Jarhead held a straight face of nicks and cuts. Tiny rips lined the weighted-down Walmart sack in his left hand. The .45 was tucked tight into his waistband. The man held a Quantum fishing rod in his right hand. Wore a brown T-shirt. Had a curved skinning knife attached to a pair of tan Carhartt carpenter pants tucked into black rubber wading boots. He was clean-shaven, his hair overcast-gray and long, banded into a ragged ponytail. Each ear was pierced. He’d eagles inked about his wadded-paper-sack arms. His eyes were bright green. Jarhead asked him, “You get me to the other side of the river?”
The man smiled, said, “Thought you’d never ask. Been waiting down here all morning.”
Jarhead said, “Waiting all morning? Look, old-timer, cut the shit. Can you get me across the river and to Orange County or not? I gotta—”
“I know.”
Sweat coated the ache that began to form on Jarhead’s body. He was losing patience, started to pull the pistol from his waist and asked, “Whaddaya you mean you know? You in hock with them two diaper-raping motherfuckers up over the hill?”
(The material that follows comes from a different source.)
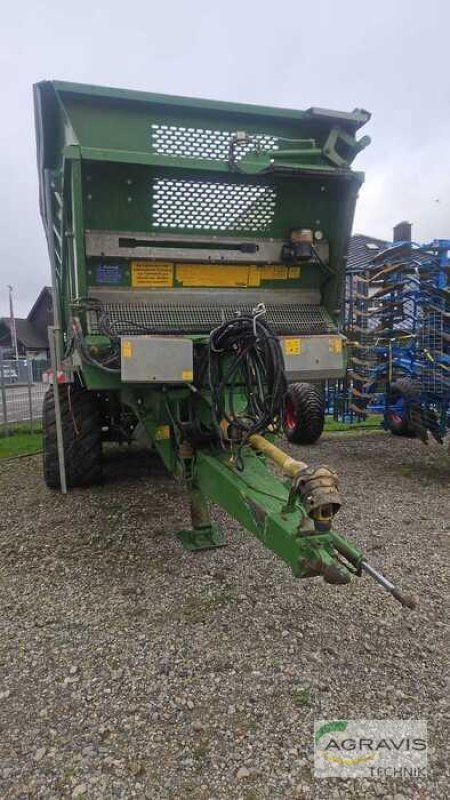 Düngerstreuer typu Bergmann TSW 6240 W, Gebrauchtmaschine v Bergheim (Obrázek 3)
The man’s hand pressed against Jarhead’s, stopped him from pulling the gun, and the man told Jarhead, “None of the above, son. I’s strictly of the spirit. Now, put your ego back up. My boat’s down behind you a few.” He turned his hand into a handshake. “Name’s Purcell.”
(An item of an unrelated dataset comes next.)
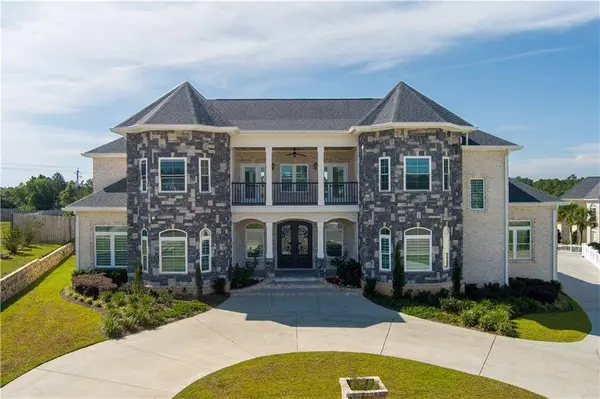 3470 Morgan CT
Jarhead gripped Purcell’s hand. “People call me Jar—”
“Jarhead Johnny Earl.” Purcell squeezed his hand, said, “I know all about you. People call me Purcell, Purcell the Prophet sometimes. Let’s get going ’fore it gets dark.”
14
Cigarette smoke thick as the smoke from blazing tires wrapped around Angus at the door. Behind him, a rusted-exhaust-pipe voice laced with bourbon demanded, “Where you think you’re going?”
Angus’s mouth was devoid of moisture, dry as three Sundays without a drop of rain. He’d no pain. Just petrol in search of a spark. He fished a smoke from the pocket of his sleeveless gray T-shirt, lit it, and exhaled. “Fixing to get a drink chased with some answers.”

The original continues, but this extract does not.